While several missions are reserved strictly for those of us with willing accomplices, playing it solo is the way to go for those looking for a more faithful Dead Space adventure. Should you bring a partner into the fold, you should expect tougher enemies, more plentiful encounters, and additional dialogue and story sequences to further flesh out your newfound friend’s back story. He may seem like just a stoic militaristic type, but he’s a fiery balance to Isaac’s detached, numb personality this time around.
Unfortunately, some of the areas within the game designed with co-op in mind detract from the experience and break the immersion factor quicker than you’d hit the B button for a quick health boost after a pop-up Necromorph attack. There are entire areas of Dead Space 3 that force one partner to stave off advancing hordes of monsters while keeping the other safe, and the other is asked to solve a puzzle. These sequences happen much more often than is actually fun, and in many areas reduce the game to little more than an exercise in frustration.
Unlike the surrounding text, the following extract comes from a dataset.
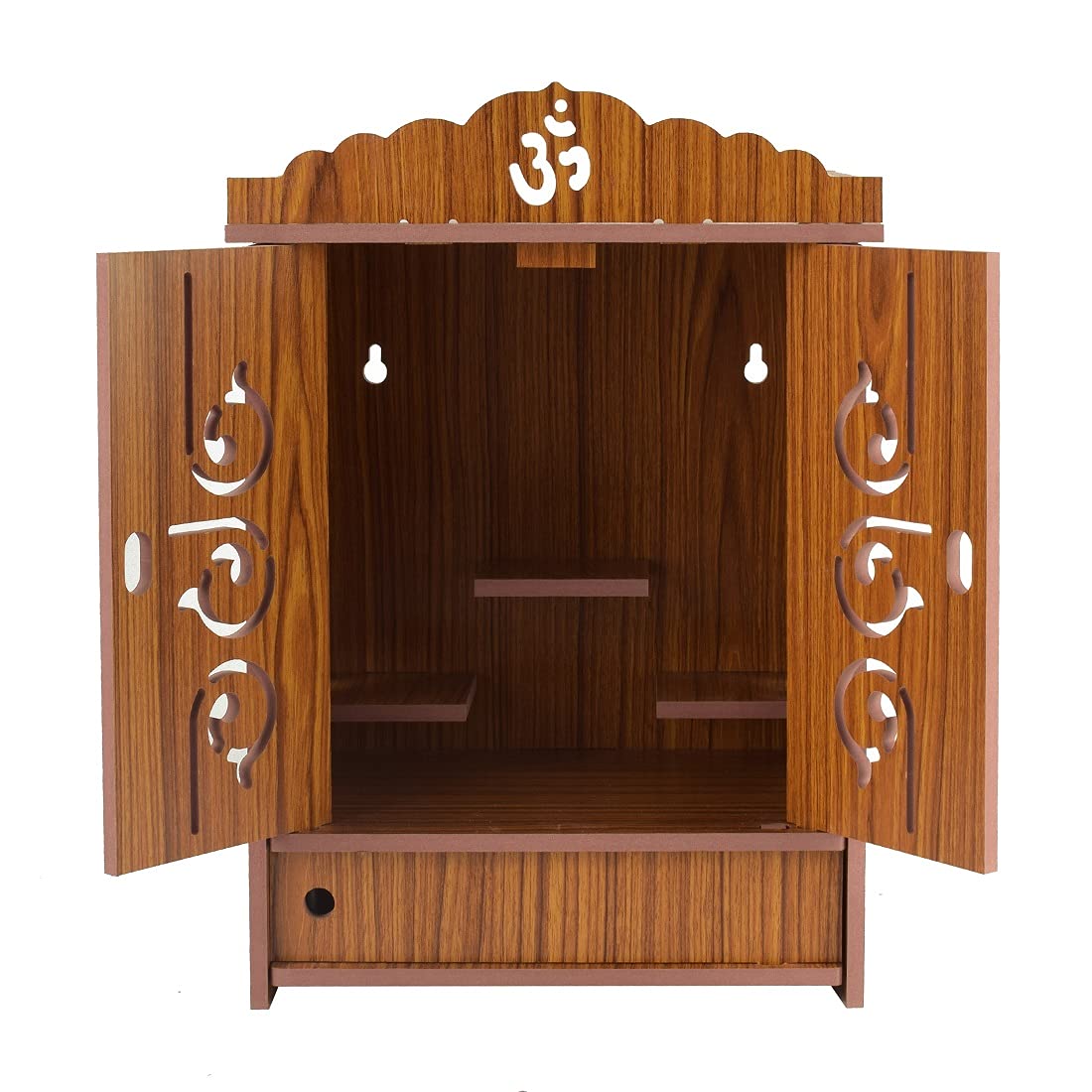 COMERT Temple Engineered Wooden Temple for Home Indian Art Work, Pooja Mandir (Light Brown 1)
But while these sections of play can be easily overcome with trial and error, a more obnoxious design decision cannot: ladders. Yes, ladders. Time and time again Isaac and Carver will need to ascend or descend one in order to advance, and unless timed perfectly, one player will have to wait until the other has completed the action before they can do it as well. It matters not if Isaac is a few feet away from the top while a partner is trying to ascend it, as the game still will not allow you to climb. When you’re clearly nowhere near the top of the ladder and still cannot ascend and there are droves of Necromorphs on your tail, you can imagine this quickly becomes a nightmare. Not only does it detract from the experience, but it looks and feels lazy.
Additionally, the inventory cannot be manually sorted — you’ll go to quickly heal yourself and since a Large Med Pack is the first in line, consume that rather than a Small Med Pack to regain a tiny bit of health. In the same vein, only one player can change suits at a time while both can work at a Bench station to edit weapons. Why couldn’t it sport two stations? Quirks like these and more begin to add up, and fast, making some cooperative sessions more like homework than a deliciously tense thrill ride.
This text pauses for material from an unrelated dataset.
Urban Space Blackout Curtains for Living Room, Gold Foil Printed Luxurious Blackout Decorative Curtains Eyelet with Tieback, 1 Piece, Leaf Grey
Luckily the combat is there to keep things interesting, and the singular way Dead Space 3 becomes a game you simply can’t keep from enjoying, even if to a lesser extent to its predecessors. Though “strategic dismemberment” has become little more than a footnote (carving off legs and arms is a no-brainer by now) it’s still as satisfying as ever to have the odds stacked against you while you and a friend eliminate a room full of the disfigured creatures. Most of the joy stems from the new crafting system, where you can customize weapons to your own satisfaction rather than upgrading the simple premade forms readily available. Want a ripper-cum-line gun? That’s up to you, as long as you have the materials.
Components and other packages are readily available through microtransactions, but unless you’re entirely too impatient normal play will unlock an abundance of supplies for you to create the gun of your dreams. Combined with RIG augments that make Isaac’s already superpowered suit even stronger (and a variety of new ones for all you fashionistas) and the useful bots that can be sent out to scavenge for supplies, grinding out each chapter by way of mopping the floor with Necromorphs is the meatiest part of the game. Just try and tell yourself that stomping on a de-limbed flesh eater that bested you one respawn ago isn’t satisfying. You’d be wrong if you said otherwise.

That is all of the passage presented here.